▶ _Activity_
Once you have located the line containing "Certified & Appraised" in the material below, return it exactly along with each line after it through the line containing "ロング rina／ベージュ ワンホン/韓国ヘアのヘアスタイル".

▶ _Data shown_
▼▼▼

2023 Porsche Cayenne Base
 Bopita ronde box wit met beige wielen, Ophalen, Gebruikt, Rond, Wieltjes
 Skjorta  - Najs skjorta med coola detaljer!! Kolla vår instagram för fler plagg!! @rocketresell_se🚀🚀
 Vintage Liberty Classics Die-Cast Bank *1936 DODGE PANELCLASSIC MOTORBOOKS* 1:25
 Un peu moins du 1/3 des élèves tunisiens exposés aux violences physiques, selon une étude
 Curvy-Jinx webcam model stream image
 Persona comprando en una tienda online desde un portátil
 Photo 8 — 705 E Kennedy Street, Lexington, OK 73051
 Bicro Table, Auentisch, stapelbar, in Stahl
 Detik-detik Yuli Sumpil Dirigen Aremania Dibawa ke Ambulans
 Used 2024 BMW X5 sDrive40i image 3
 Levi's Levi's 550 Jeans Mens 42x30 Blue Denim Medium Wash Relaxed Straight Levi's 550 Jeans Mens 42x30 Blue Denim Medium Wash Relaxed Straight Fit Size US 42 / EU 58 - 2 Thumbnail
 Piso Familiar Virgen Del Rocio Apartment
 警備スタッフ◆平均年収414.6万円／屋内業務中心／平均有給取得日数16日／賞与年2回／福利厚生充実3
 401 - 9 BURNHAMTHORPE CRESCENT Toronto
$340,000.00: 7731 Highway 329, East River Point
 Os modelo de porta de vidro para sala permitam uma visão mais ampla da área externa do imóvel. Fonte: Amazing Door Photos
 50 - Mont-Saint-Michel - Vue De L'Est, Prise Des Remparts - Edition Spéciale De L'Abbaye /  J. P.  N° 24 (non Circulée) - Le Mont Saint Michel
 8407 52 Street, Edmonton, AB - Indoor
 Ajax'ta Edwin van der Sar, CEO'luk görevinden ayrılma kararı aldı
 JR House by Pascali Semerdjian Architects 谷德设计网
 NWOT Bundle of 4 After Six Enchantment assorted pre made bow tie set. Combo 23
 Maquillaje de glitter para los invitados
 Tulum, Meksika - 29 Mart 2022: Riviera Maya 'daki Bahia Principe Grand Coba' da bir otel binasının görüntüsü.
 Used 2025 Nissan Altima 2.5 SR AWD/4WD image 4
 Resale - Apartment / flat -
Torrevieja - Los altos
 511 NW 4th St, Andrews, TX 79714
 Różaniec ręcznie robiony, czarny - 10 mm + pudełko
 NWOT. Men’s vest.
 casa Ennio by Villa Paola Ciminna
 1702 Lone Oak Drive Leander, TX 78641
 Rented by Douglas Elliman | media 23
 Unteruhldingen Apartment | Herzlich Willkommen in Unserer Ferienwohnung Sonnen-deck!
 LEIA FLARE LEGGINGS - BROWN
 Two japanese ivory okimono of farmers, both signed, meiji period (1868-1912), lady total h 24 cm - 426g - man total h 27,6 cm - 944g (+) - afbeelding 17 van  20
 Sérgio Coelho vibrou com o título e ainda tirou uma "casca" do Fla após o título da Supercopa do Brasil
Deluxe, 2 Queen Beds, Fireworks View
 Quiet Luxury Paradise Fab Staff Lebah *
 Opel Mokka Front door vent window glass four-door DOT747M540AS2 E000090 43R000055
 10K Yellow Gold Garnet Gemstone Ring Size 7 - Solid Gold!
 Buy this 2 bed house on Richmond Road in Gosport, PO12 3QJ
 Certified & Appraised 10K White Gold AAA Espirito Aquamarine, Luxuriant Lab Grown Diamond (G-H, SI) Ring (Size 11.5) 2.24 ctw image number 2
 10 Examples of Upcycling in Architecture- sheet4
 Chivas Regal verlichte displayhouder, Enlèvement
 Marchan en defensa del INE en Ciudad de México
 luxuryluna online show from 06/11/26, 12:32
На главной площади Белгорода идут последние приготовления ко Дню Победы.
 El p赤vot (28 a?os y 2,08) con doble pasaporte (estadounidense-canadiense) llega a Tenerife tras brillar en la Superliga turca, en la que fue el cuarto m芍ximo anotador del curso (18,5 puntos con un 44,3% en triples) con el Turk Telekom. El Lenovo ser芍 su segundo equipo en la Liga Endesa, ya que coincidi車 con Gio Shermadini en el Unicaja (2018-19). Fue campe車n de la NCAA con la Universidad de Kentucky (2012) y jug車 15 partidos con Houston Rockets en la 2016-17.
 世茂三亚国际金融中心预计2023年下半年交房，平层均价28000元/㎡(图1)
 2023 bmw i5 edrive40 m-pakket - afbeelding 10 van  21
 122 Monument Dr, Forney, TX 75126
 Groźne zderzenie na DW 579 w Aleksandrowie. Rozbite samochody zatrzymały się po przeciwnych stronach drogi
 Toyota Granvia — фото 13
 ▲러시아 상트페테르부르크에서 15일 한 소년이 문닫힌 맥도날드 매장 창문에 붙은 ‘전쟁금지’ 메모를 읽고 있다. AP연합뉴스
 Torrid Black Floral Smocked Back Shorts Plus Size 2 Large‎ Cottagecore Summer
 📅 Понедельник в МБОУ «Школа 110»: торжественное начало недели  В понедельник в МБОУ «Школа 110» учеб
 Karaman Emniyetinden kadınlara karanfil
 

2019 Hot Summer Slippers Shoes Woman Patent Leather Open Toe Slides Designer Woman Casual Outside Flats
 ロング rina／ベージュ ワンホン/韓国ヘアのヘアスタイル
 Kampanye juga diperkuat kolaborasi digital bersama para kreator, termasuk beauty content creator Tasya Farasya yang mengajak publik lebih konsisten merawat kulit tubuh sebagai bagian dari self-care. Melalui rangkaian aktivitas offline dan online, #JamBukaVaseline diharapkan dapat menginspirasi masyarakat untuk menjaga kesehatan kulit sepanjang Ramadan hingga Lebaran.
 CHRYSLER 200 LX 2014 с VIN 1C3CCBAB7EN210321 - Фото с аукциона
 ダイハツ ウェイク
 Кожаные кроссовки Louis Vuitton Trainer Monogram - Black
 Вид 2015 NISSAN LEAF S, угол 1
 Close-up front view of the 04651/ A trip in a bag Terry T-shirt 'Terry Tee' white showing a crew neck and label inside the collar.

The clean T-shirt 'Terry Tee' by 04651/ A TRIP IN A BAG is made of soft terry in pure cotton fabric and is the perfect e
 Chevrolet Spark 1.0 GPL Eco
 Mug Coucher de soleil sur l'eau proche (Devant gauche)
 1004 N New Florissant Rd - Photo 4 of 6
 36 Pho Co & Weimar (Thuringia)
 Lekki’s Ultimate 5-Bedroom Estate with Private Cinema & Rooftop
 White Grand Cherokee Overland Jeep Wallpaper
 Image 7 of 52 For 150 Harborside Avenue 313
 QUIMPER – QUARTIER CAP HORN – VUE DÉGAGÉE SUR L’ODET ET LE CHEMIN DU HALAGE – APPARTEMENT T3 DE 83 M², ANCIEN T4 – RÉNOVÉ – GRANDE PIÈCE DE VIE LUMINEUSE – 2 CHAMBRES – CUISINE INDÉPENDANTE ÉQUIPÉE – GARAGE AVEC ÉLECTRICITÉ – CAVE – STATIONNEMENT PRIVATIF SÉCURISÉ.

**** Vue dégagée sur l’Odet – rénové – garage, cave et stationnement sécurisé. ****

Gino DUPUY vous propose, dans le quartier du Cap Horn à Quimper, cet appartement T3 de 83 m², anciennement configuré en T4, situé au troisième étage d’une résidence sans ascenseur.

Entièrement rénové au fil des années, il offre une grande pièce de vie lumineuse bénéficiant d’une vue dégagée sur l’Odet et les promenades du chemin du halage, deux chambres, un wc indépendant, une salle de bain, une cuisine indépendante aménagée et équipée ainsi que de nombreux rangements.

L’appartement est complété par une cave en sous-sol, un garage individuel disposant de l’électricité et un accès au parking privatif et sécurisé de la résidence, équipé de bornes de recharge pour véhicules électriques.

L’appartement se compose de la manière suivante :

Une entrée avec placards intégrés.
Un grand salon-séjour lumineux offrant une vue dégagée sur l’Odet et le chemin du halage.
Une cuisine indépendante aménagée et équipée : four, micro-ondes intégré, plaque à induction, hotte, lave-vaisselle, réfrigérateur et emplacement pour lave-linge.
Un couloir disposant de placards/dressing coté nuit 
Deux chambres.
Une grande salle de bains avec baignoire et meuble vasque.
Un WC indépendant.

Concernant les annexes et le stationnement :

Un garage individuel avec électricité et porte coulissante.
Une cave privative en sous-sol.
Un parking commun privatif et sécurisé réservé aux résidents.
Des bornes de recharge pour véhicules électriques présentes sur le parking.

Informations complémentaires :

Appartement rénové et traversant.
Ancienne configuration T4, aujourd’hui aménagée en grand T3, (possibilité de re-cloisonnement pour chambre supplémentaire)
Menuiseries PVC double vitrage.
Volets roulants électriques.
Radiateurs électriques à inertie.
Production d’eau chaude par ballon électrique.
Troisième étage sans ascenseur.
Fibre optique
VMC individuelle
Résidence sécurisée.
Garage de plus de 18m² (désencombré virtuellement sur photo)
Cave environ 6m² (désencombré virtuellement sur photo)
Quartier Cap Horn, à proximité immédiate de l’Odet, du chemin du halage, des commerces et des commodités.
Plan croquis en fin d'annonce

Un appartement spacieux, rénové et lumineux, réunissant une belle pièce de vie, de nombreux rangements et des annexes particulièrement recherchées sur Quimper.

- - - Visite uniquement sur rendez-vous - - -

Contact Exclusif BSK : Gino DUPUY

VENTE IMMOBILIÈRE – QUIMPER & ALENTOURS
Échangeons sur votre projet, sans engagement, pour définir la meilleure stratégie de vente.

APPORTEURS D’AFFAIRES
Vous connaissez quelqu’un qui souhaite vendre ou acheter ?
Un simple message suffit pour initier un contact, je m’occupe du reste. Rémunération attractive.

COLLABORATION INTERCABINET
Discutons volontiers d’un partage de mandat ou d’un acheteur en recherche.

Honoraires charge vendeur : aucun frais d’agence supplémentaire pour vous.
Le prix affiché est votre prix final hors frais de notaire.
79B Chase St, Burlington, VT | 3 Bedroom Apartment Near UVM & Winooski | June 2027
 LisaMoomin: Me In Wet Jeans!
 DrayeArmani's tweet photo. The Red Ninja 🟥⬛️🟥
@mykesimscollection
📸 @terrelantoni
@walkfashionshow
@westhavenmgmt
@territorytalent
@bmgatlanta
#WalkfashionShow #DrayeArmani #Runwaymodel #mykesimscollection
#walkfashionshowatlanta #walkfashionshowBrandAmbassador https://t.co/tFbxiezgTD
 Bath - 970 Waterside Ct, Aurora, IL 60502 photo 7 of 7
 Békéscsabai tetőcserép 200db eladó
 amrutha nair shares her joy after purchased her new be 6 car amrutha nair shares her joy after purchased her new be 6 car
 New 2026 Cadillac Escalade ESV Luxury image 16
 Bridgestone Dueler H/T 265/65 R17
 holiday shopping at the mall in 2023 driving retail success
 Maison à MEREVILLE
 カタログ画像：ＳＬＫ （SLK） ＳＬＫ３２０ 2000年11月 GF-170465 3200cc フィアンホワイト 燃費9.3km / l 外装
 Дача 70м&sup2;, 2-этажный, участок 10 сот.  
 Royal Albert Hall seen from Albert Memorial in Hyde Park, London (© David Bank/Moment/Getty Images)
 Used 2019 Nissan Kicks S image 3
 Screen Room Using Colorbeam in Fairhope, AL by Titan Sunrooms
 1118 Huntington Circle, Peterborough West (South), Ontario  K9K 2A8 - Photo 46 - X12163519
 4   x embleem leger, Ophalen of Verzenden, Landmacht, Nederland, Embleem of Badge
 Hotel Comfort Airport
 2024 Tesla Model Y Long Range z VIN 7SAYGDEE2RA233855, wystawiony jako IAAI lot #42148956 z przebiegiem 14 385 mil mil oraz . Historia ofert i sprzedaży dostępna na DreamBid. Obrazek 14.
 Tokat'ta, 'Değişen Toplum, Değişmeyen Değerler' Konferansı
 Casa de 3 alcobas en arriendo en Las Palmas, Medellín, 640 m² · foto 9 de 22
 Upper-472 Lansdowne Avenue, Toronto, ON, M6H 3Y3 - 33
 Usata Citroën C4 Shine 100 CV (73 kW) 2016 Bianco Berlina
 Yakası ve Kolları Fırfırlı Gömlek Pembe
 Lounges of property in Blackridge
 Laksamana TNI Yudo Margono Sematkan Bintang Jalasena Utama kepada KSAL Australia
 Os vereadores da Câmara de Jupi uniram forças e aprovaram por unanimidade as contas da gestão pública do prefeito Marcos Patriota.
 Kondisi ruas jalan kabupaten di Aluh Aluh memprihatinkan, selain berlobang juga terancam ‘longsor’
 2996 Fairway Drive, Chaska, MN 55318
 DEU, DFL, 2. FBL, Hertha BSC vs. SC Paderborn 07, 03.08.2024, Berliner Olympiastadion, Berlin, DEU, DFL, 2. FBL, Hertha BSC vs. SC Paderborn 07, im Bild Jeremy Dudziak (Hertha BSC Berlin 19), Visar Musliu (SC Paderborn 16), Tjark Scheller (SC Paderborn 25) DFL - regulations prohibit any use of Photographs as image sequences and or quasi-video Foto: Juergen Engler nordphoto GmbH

▲▲▲

▶ _Written reply_
 Certified & Appraised 10K White Gold AAA Espirito Aquamarine, Luxuriant Lab Grown Diamond (G-H, SI) Ring (Size 11.5) 2.24 ctw image number 2
 10 Examples of Upcycling in Architecture- sheet4
 Chivas Regal verlichte displayhouder, Enlèvement
 Marchan en defensa del INE en Ciudad de México
 luxuryluna online show from 06/11/26, 12:32
На главной площади Белгорода идут последние приготовления ко Дню Победы.
 El p赤vot (28 a?os y 2,08) con doble pasaporte (estadounidense-canadiense) llega a Tenerife tras brillar en la Superliga turca, en la que fue el cuarto m芍ximo anotador del curso (18,5 puntos con un 44,3% en triples) con el Turk Telekom. El Lenovo ser芍 su segundo equipo en la Liga Endesa, ya que coincidi車 con Gio Shermadini en el Unicaja (2018-19). Fue campe車n de la NCAA con la Universidad de Kentucky (2012) y jug車 15 partidos con Houston Rockets en la 2016-17.
 世茂三亚国际金融中心预计2023年下半年交房，平层均价28000元/㎡(图1)
 2023 bmw i5 edrive40 m-pakket - afbeelding 10 van  21
 122 Monument Dr, Forney, TX 75126
 Groźne zderzenie na DW 579 w Aleksandrowie. Rozbite samochody zatrzymały się po przeciwnych stronach drogi
 Toyota Granvia — фото 13
 ▲러시아 상트페테르부르크에서 15일 한 소년이 문닫힌 맥도날드 매장 창문에 붙은 ‘전쟁금지’ 메모를 읽고 있다. AP연합뉴스
 Torrid Black Floral Smocked Back Shorts Plus Size 2 Large‎ Cottagecore Summer
 📅 Понедельник в МБОУ «Школа 110»: торжественное начало недели  В понедельник в МБОУ «Школа 110» учеб
 Karaman Emniyetinden kadınlara karanfil
 

2019 Hot Summer Slippers Shoes Woman Patent Leather Open Toe Slides Designer Woman Casual Outside Flats
 ロング rina／ベージュ ワンホン/韓国ヘアのヘアスタイル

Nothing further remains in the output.